*** Begin section ***
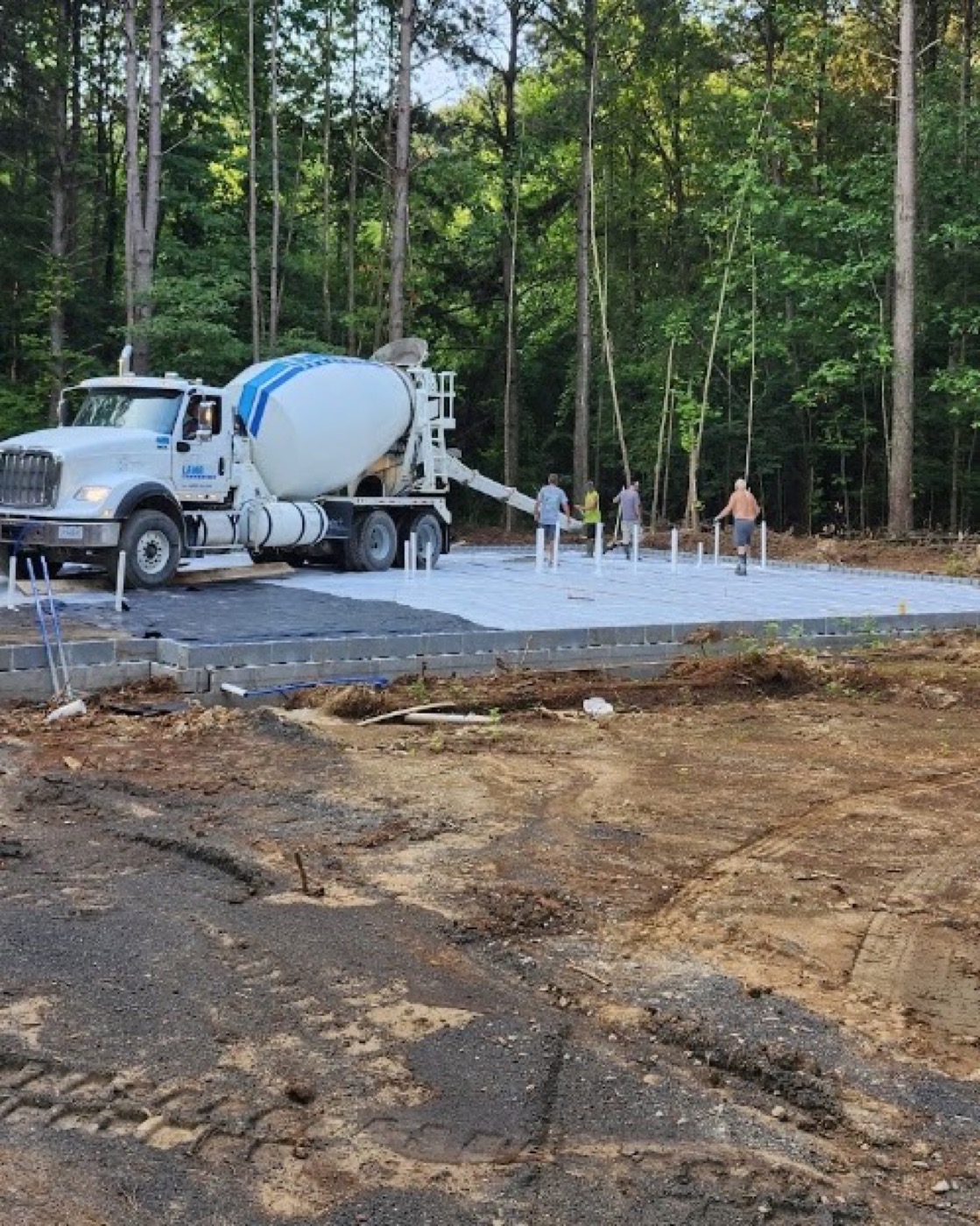 A concrete truck and Tim Archer's crew screeding a fresh slab pour near Friendsville, Tennessee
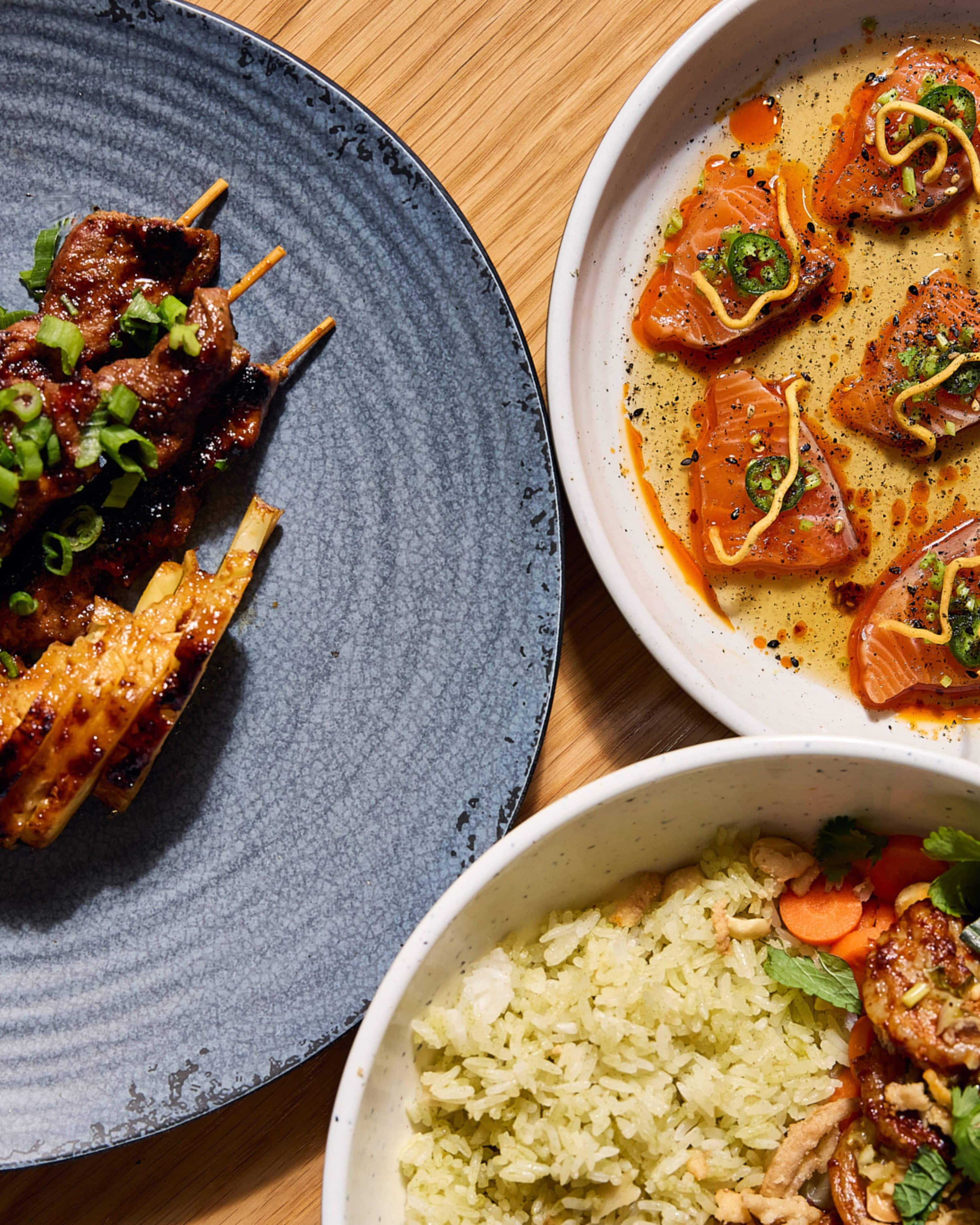 meat, rice, and crudo dishes on stoneware plates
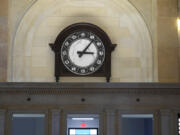 A newly crafted clock above the former ticket windows at the Michigan Central Station is seen, Monday, May 13, 2024 in Detroit. A once hulking scavenger-ravaged monolith that symbolized Detroit&rsquo;s decline reopens this week after a massive six-year multimillion dollar renovation by Ford Motor Co., which restored the Michigan Central Station to its past grandeur with a focus squarely on the future of mobility.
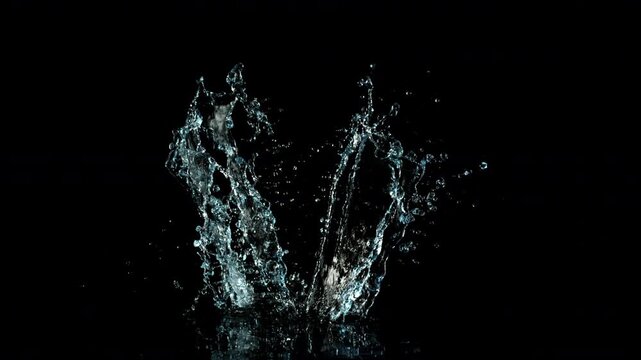 Super Slow Motion Shot of Water Splash Isolated on Black Background at 1000fps.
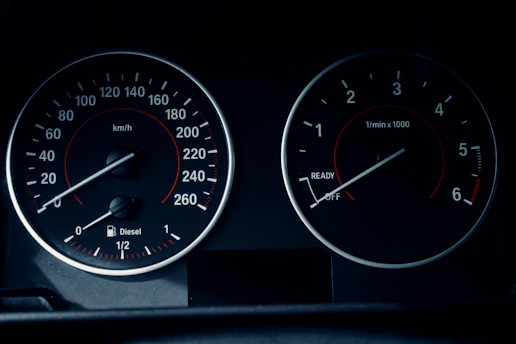 A close-up of a car dashboard displaying two circular gauges. The left gauge displays speed in km/h, ranging from 0 to 260, with a fuel indicator below marked for diesel. The right gauge shows engine revolutions per minute, ranging from 0 to 6, with 'READY' and 'OFF' indicators.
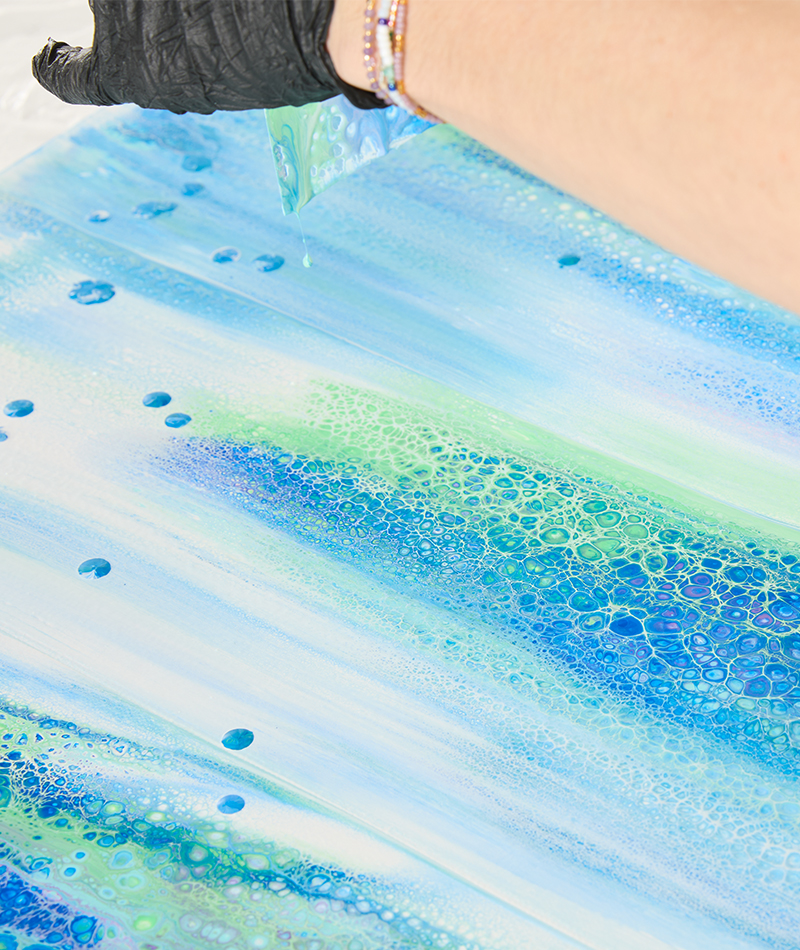 Mit Hilfe einer Folie wird die Farbe über die Leinwand gezogen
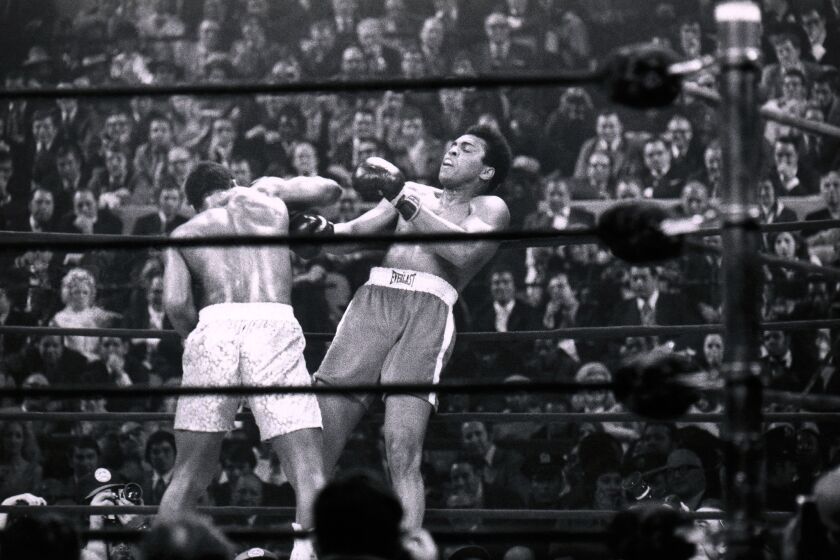 Joe Frazier attacks Muhammad Ali along the ropes during the World Heavyweight Championship at Madison Square Garden on March 8, 1971 in New York City.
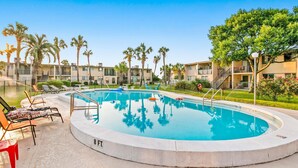 Ein Swimmingpool mit Liegestühlen und Palmen, umgeben von Mehrfamilienhäusern.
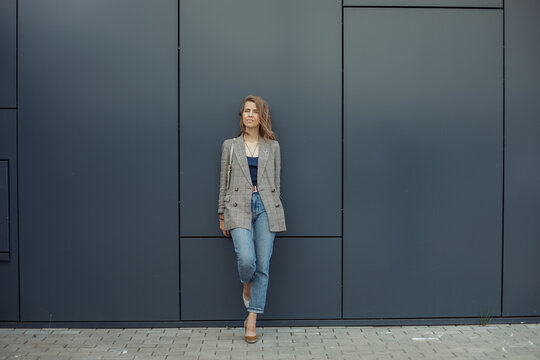 Full length photo of thinking young businesswoman standing on one leg leaning on gray wall of office building and looking up. Urban lifestyle, entrepreneur, well dressed lady, successful people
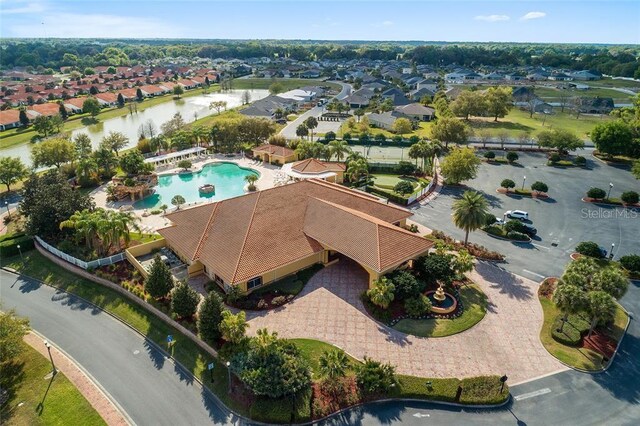 aerial view featuring a water view and a residential view
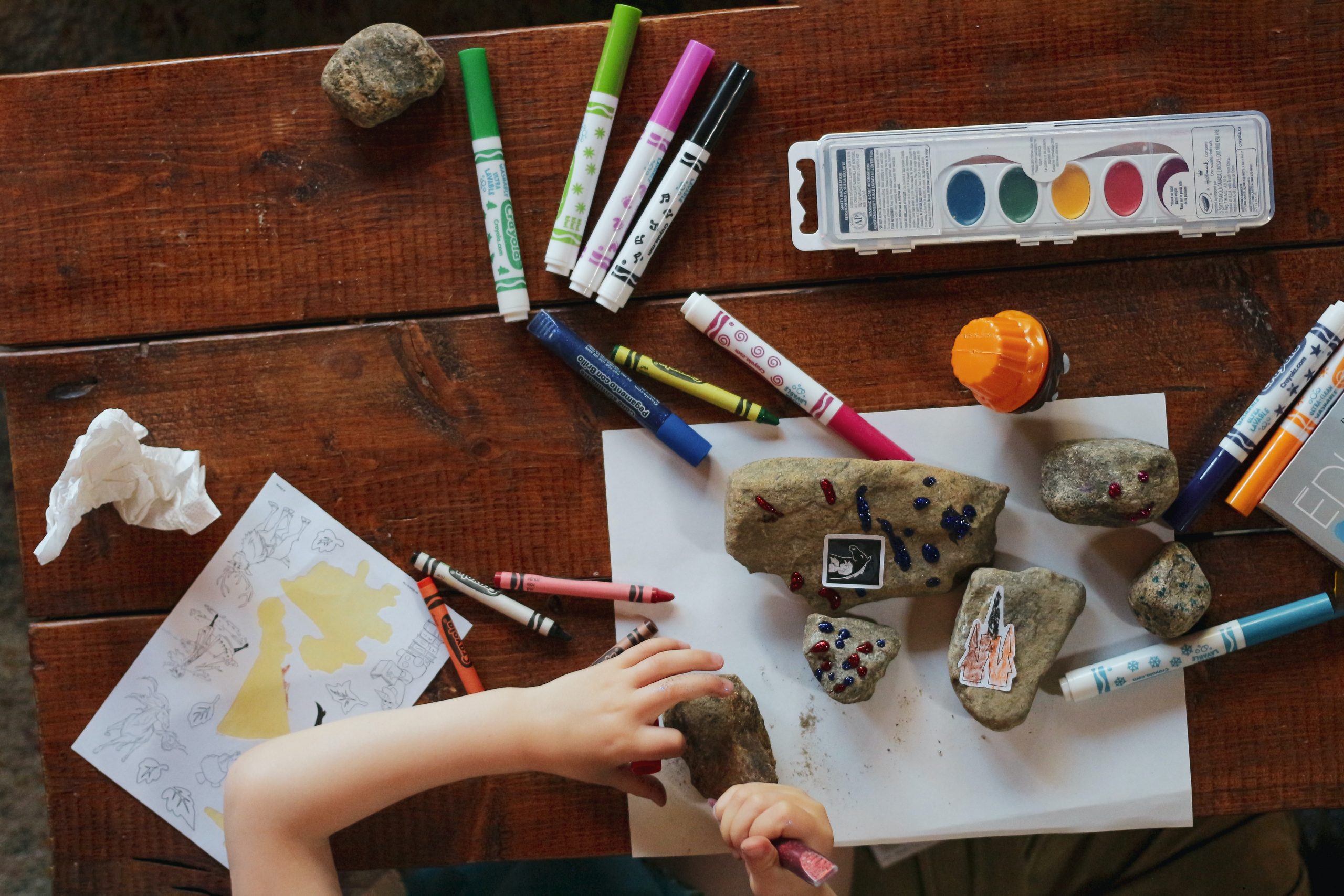 rocks and crayons and markers on a table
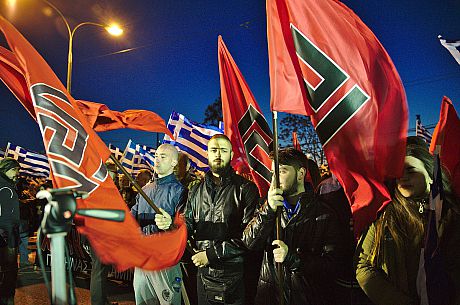A photo of Golden Dawn members holding up the party's flag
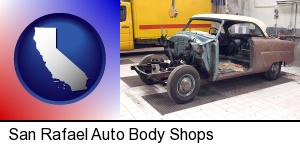 a vintage automobile in an auto body shop in San Rafael, CA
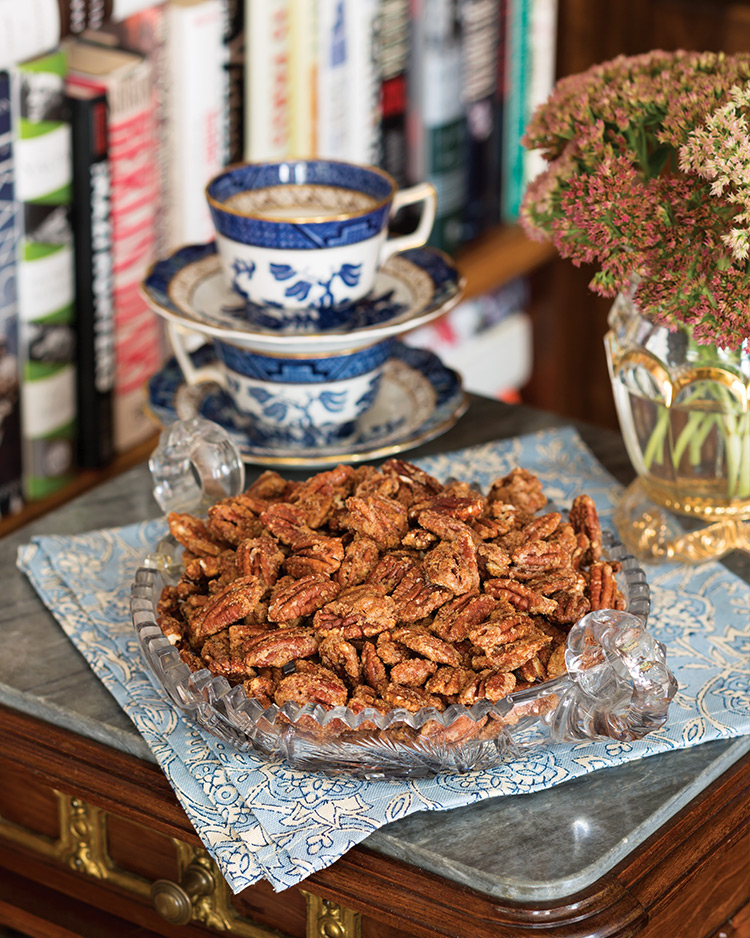 Autumn Spiced Pecans in a glass dish atop a blue-and-cream linen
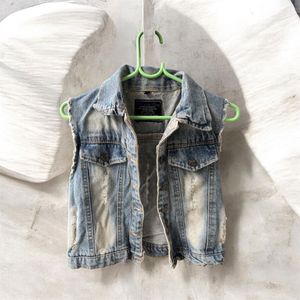Distressed Denim Vest for a Cool Vibe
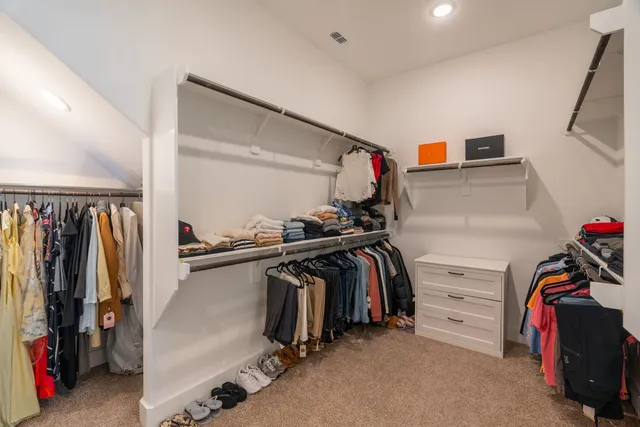 a view of walk in closet with clothes and shoes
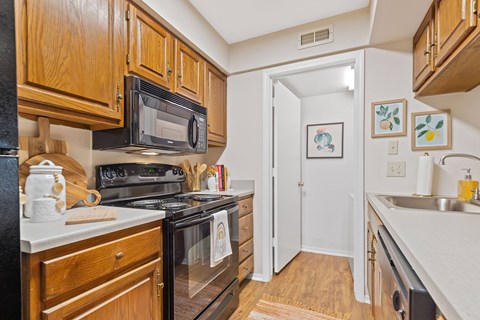 A kitchen with wooden cabinets and a black stove top oven.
*** End section ***
» **BRIEF**:
Repeat the data exactly, dropping every picture it holds.

» **EXERCISE OUTPUT**:
 A concrete truck and Tim Archer's crew screeding a fresh slab pour near Friendsville, Tennessee
 meat, rice, and crudo dishes on stoneware plates
 A newly crafted clock above the former ticket windows at the Michigan Central Station is seen, Monday, May 13, 2024 in Detroit. A once hulking scavenger-ravaged monolith that symbolized Detroit&rsquo;s decline reopens this week after a massive six-year multimillion dollar renovation by Ford Motor Co., which restored the Michigan Central Station to its past grandeur with a focus squarely on the future of mobility.
 Super Slow Motion Shot of Water Splash Isolated on Black Background at 1000fps.
 A close-up of a car dashboard displaying two circular gauges. The left gauge displays speed in km/h, ranging from 0 to 260, with a fuel indicator below marked for diesel. The right gauge shows engine revolutions per minute, ranging from 0 to 6, with 'READY' and 'OFF' indicators.
 Mit Hilfe einer Folie wird die Farbe über die Leinwand gezogen
 Joe Frazier attacks Muhammad Ali along the ropes during the World Heavyweight Championship at Madison Square Garden on March 8, 1971 in New York City.
 Ein Swimmingpool mit Liegestühlen und Palmen, umgeben von Mehrfamilienhäusern.
 Full length photo of thinking young businesswoman standing on one leg leaning on gray wall of office building and looking up. Urban lifestyle, entrepreneur, well dressed lady, successful people
 aerial view featuring a water view and a residential view
 rocks and crayons and markers on a table
A photo of Golden Dawn members holding up the party's flag
 a vintage automobile in an auto body shop in San Rafael, CA
 Autumn Spiced Pecans in a glass dish atop a blue-and-cream linen
Distressed Denim Vest for a Cool Vibe
 a view of walk in closet with clothes and shoes
 A kitchen with wooden cabinets and a black stove top oven.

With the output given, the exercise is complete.